Contract Schools.

Originally posted by don bohrer
Tess,

I do understand the payment problem and accountability part. One of our students got $150 bucks a week... a week for allowance. We still had trouble getting his parents to pay. :mad: Go figure!

Are you and Seig going to offer a short trial period, or a small discount on monthly tuitions if under a contract?

we offer to everyone a free week of classes, kid and adult. I'm not sure of how the contract reads yet. Seig maybe better able to answer this :)
 
A local instructor charges one price for a month-to-month option, and gives a $10/month price break if the student agrees to give four months' notice when stopping. That seems fair to me.
 
I dislike contracts alot, and i try to avoid them at all costs.

First off what if i move or i am injuryed or i want to train else were.

I would rather pay for what i am doing.
 
there was a clause in the contract that if you were injured or had a military transfer, in the case of an injury, your contract was put on hold until you could resume training, and military, you could get out of your contract if you had orders to move elsewhere.
 
we don't have "contracts" per se, but we do have automatic collection of tuition (EFT) and ask the student for a committment to one of our membership plans. We were against it early on when we first opened but we were not profitable until we went to EFT's. We worked too hard to lose money!
This arrangement is more professional, allows us to teach instead of chase after overdue tuition, and allows us to remain in business!
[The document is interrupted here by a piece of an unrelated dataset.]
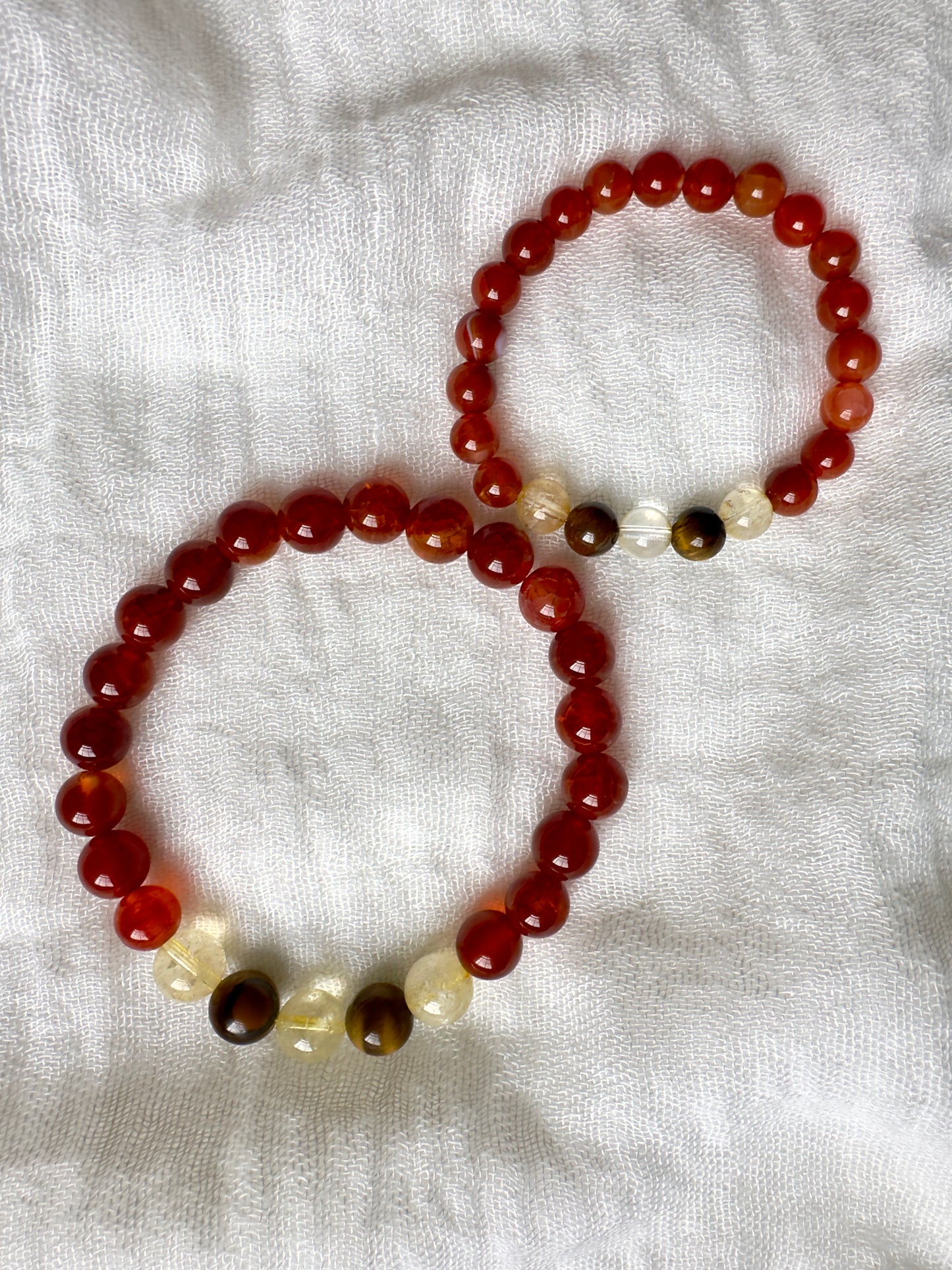 Father and Son Bracelet Set - Red Agate-Citrine-Tiger Eye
Knowing they have to pay is incentive for students to make more use of their classes.
 
ps. if there is a medical situation, some one moves, or there is some other legitimate issue, we never give the student a hard time about cancelling their membership.
 
When I chose my first school there was no way that I would have signed a contract. There were just too many things that I didn't know about MAs. Would it be for me, was the instructor a cheat, and a thousand other questions that go through your head not to mention the questions you don't even know to ask. A contract was just something that I felt would have locked me into something that I had no idea I would be getting addicted to. Now that I have trained for a while and am beginning to figure out what to look for, what to expect and know now that it is for me I don't have a problem signing a contract that doesn't set off alarm bells in my head. I don't have a problem with the idea of contracts. Americans tend to flit from one trend to another on a weekly basis and that doesn't keep steady income coming in. Consider me a contract convert.